_WHAT IS REQUIRED:_
Copy out the data exactly as it appears, without a single image.
** MATERIAL PROVIDED follows **
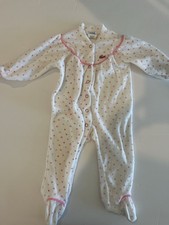 Vintage Lacoste Sleeper Girl Baby Large One Piece Pink White Patterned Collared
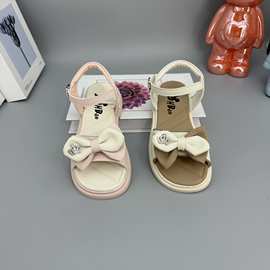 2024夏季韩版超纤皮软底女童EVA软底卡通沙滩鞋中小童女学生凉鞋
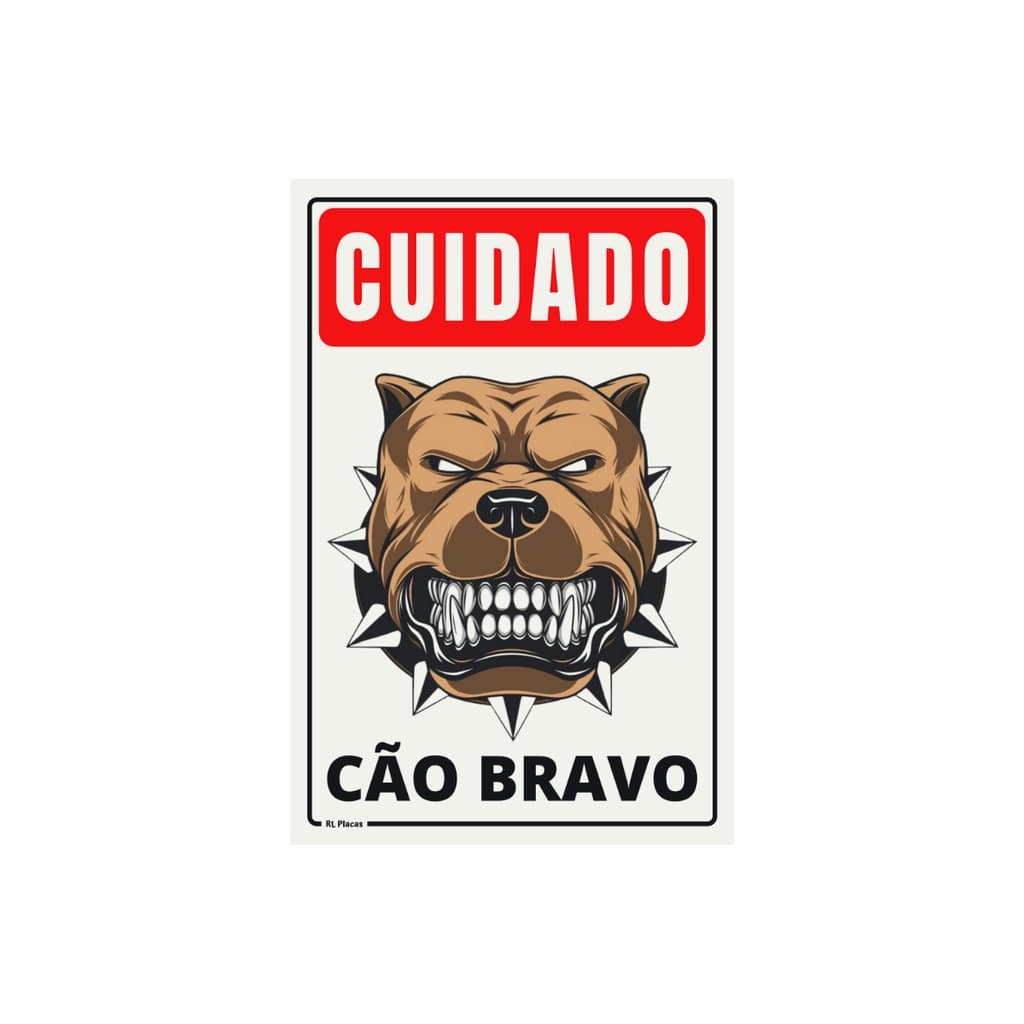 Placa de Sinalização Cuidado Cão Bravo 30x20 - Vertical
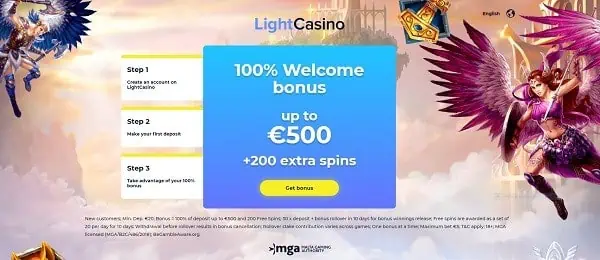 Light Casino welcome bonus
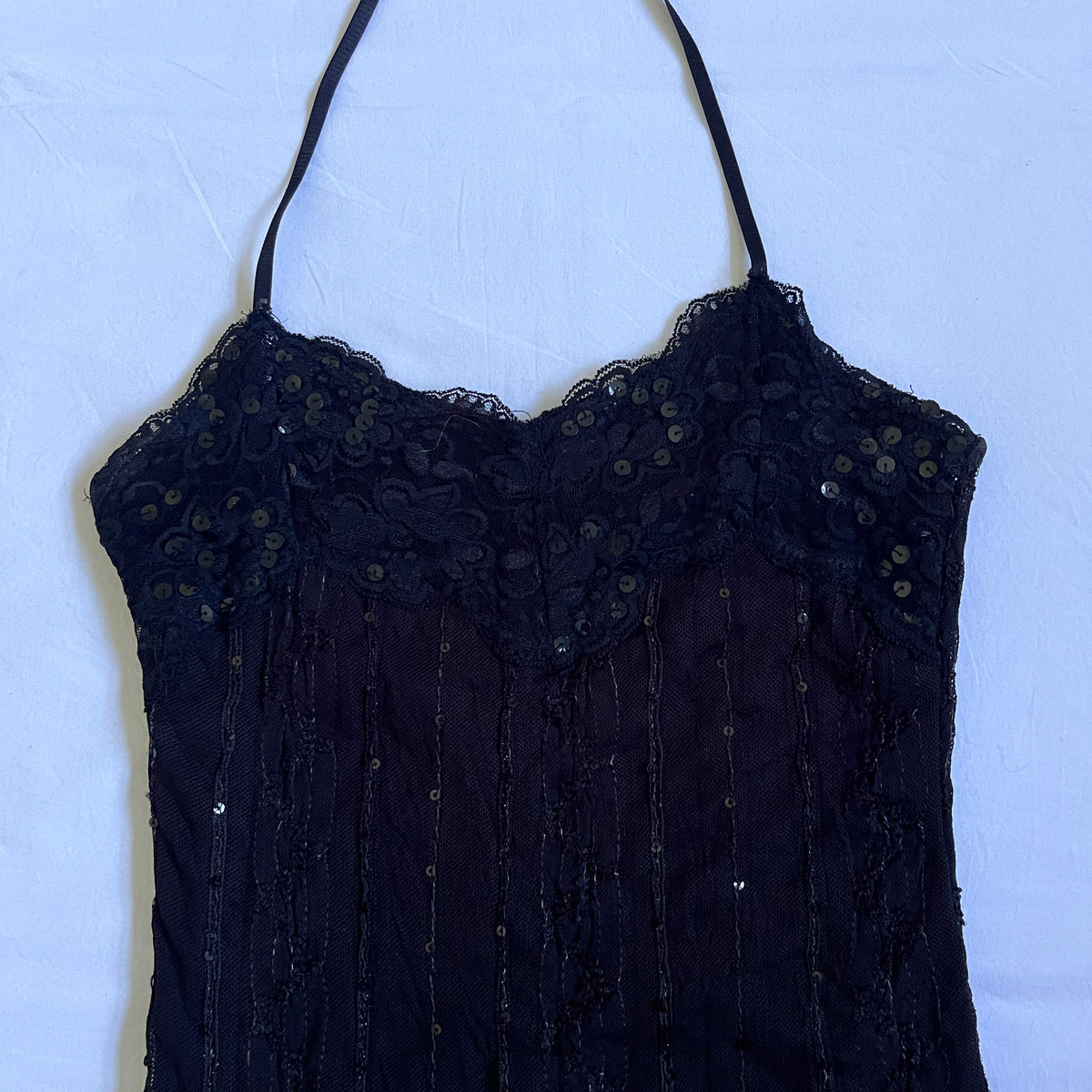 black sequinned halter top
** End of MATERIAL PROVIDED **
_EXERCISE RESPONSE:_
 Vintage Lacoste Sleeper Girl Baby Large One Piece Pink White Patterned Collared
 2024夏季韩版超纤皮软底女童EVA软底卡通沙滩鞋中小童女学生凉鞋
 Placa de Sinalização Cuidado Cão Bravo 30x20 - Vertical
 Light Casino welcome bonus
 black sequinned halter top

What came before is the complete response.